The forecasting example I have chosen to focus on is predicting what my book expenses will be for 2016. I came up with an exact estimate of $1920 but pointed out that assigning a probability to a point estimate is tricky and not very useful. Instead it is more useful to specify a prediction interval [$1920 + $60] and assign a probability to how likely it is that the forecasted outcome will fall within that interval (80% probability). Now we have a forecast that is sufficiently specified that we can begin to evaluate our forecasting ability.
We can evaluate our financial forecasting ability in terms of whether the probability we assign to an outcome accurately reflects the level of uncertainty we should have in that outcome. If you assign an outcome a high probability (100%) and it doesn't happen then you should be penalized more than if you assigned it a lower probability (60%). You are overconfident in our forecasting ability and when we score your forecast the math should reflect this. If you assign a high probability to an outcome and the outcome happens, then you shouldn't be penalized very much. The way our scoring system will work is that a higher score is bad and a score close to 0 is good. A high score measures the amount of penalty you incur for a poorly calibrated forecast. To feel the pain of a bad forecast we can multiplying the penalty score by $100 and the result would determine how much money you have to pay out for a bad forecast.
Before I get into the math for assessing how "calibrated" your estimates are, I should point out that this math does not address another aspect of our forecast that we can also evaluate in this case, namely, how good the "resolution" of our forecast is. Currently I am predicting that my 2016 book expenses will be $1920 + $60, however, as the end of 2016 approaches I might decide to increase the resolution of that forecast to $1920 + $30 (I might also change the midpoint) if it looks like I am still on track and that my forecast might be only off by the cost of 1 book (rather than 2). When we narrow the range of our financial forecasts and the outcome falls within the range then a scoring system should tell us that we have better resolving power in our forecasts.
The scoring system that I will propose will address calibration and resolution and has the virtue that it is very simple and can be applied using mental arithmetic. Some scoring systems can be so complicated that you need to sit down with a computer to use them. David V. Lindley has a nice discussion of Quadratic Scoring in his book Making Decisions (1991). The way Quadratic Scoring works is that you assign a probability to an outcome and if that outcome happens you score it using the equation (1p)^{2} where p is your forecast probability. If the predicted outcome does not happen, then you use the equation p^{2}. In both cases, a number less than 1 will result so Lindley advocates multiplying the value returned by 100.

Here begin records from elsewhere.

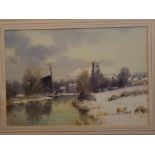 Metcalfe, signed watercolour, Broadland winter scene with sheep at forefront, signed lower left,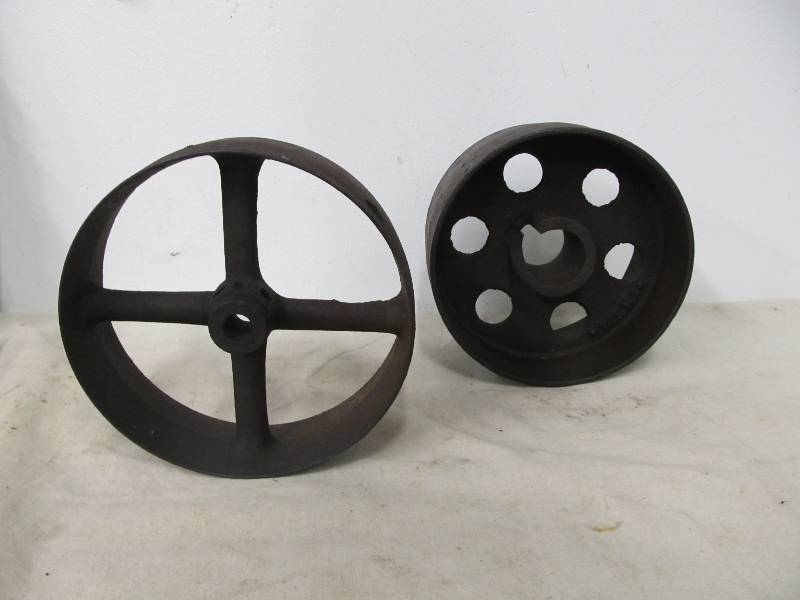 lot 175 image: 2 Antique Cast Iron WheelsHubs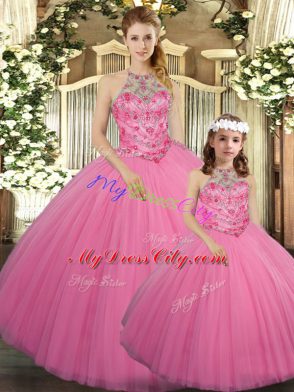 Modern Floor Length Lace Up Quinceanera Gowns Rose Pink for Sweet 16 and Quinceanera with Beading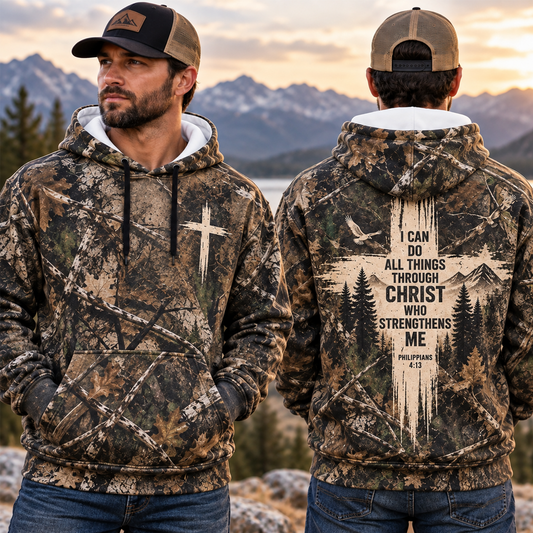 Christian All Over Print Hoodie, Jesus Faith Bible Verse Pullover, Religious Gift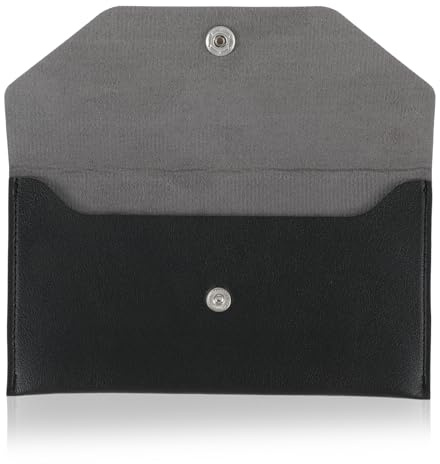 Sorcristy Geldscheine Aufbewahrung, PU Leder Geldumschlag Wiederverwendbar Geldtaschen Banktasche Schwarz Geldaufbewahrung Budgetumschlag Geldbeutel für Reisen Frauen Männer Jungen 17.5×9.1 cm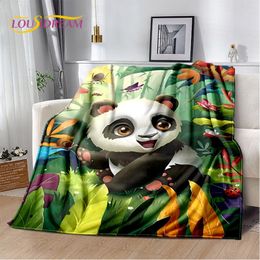 Blankets Swaddling 3D Cartoon Cute Panda Blanket Flannel Blanket Throw Blanket Kid Warm Blanket for Home Living Room Bedroom Beds Sofa Picnic Cover 230508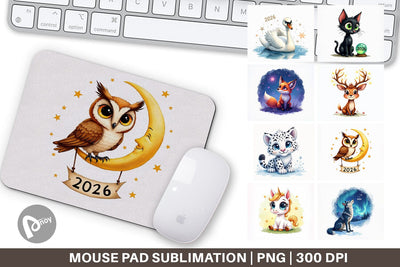 Mouse Pad Magical Midnight Celebration 2026 Animals Sublimation artnoy 
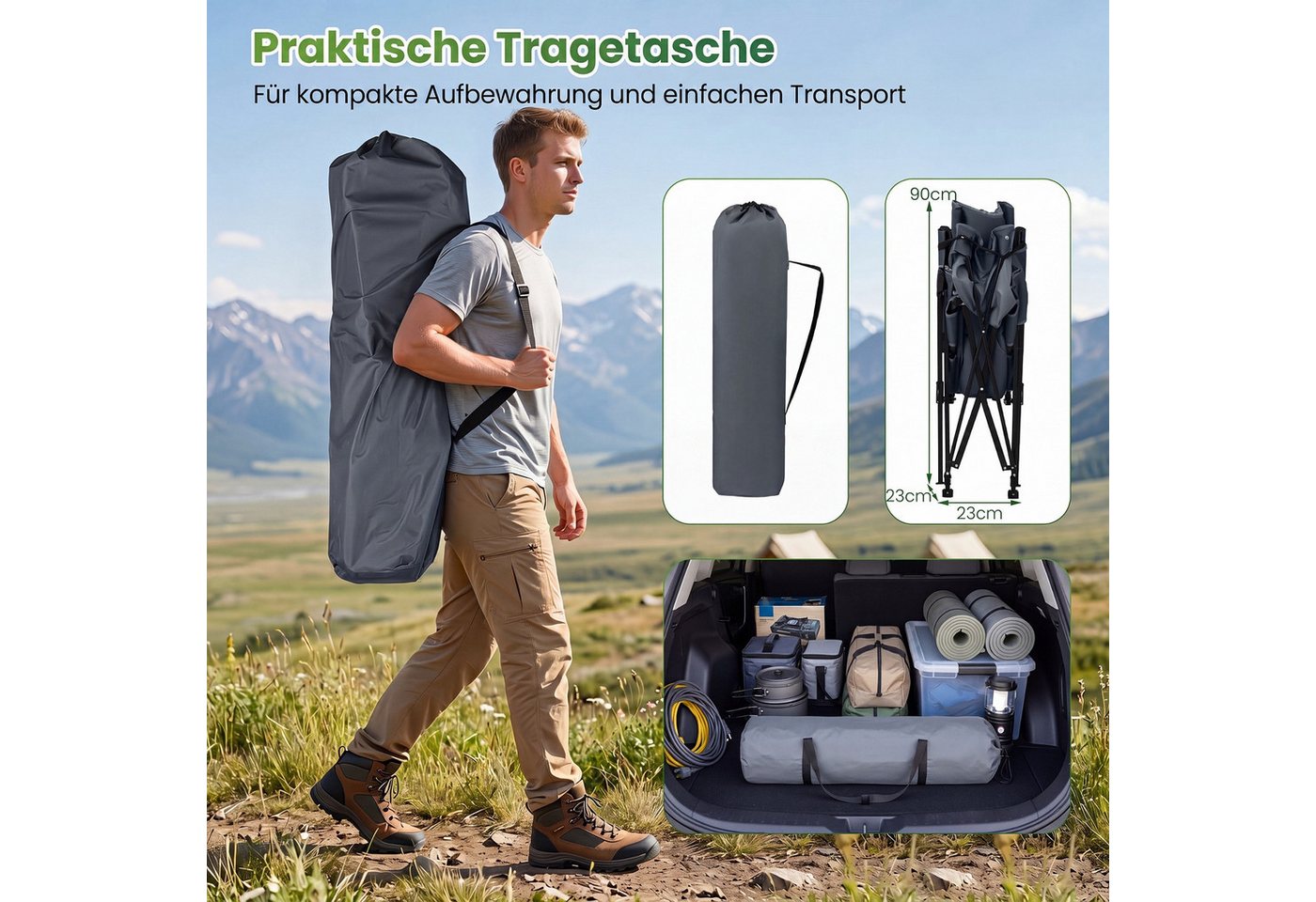 COSTWAY Campingstuhl, Faltbarer Liegestuhl mit Fußstütze, 4-fach verstellbar Bild 5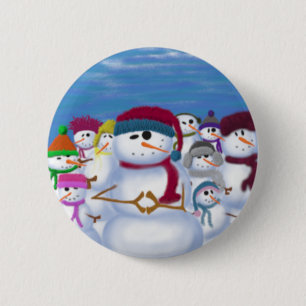 Chapa Redonda De 5 Cm Snowmen lindo y caprichoso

So, if it turns out that my estimated book expenses for 2016 falls within the interval [$1920 + $60] and I estimated the probability to be 0.80 (80%) then to compute my penalty for not saying this outcome had a 100% probability, I use the equation (1p)^{2} = (1.8)^{.2} = .2^{2} = 0.04. Now if I multiply that by 100 I get a penalty score of 4. One way to interpret this is that I only have to pay out $4 dollars for my forecast because it was fairly good. Notice that if my probability was .9 (90%) my payout would be even less ($1), but if it was .6 (60%) it would be quite a bit bigger at $36. So not being confident when I should be results in a bigger penalty.
Conversely, if my estimated book expenses for 2016 didn't fall within the interval [$1960 + $60] and I estimated the probability to be 0.80 (80%) then to compute my penalty I use the second equation which is p^{2} = .8^{2} = .64. Now multiply this by 100 and I get a penalty score of $64 that I have to payout. If my probability estimate was lower, say .60 (60%), then my penalty would be .6^{2} = .36 x 100 = $36. So if I'm not so confident when I'm wrong that is better than being confident.
The quadratic scoring rule is summarized in this table:
Source: David Lindley, Making Decisions (1991), p. 24
I hope you will agree that the Quadratic Scoring Rule usefully reflects how penalties should be calculated when we compare our forecasted outcomes to actual outcomes. It measures how "calibrated" our probability assignments are to whether the events they predict actually happen. In cases where we are not predicting numerical outcomes this scoring system would be all we need to evaluate the goodness of our forecasts. Our prediction problem, however, is a numerical prediction problem so we also need to concern ourselves with how good the resolution of our forecast is.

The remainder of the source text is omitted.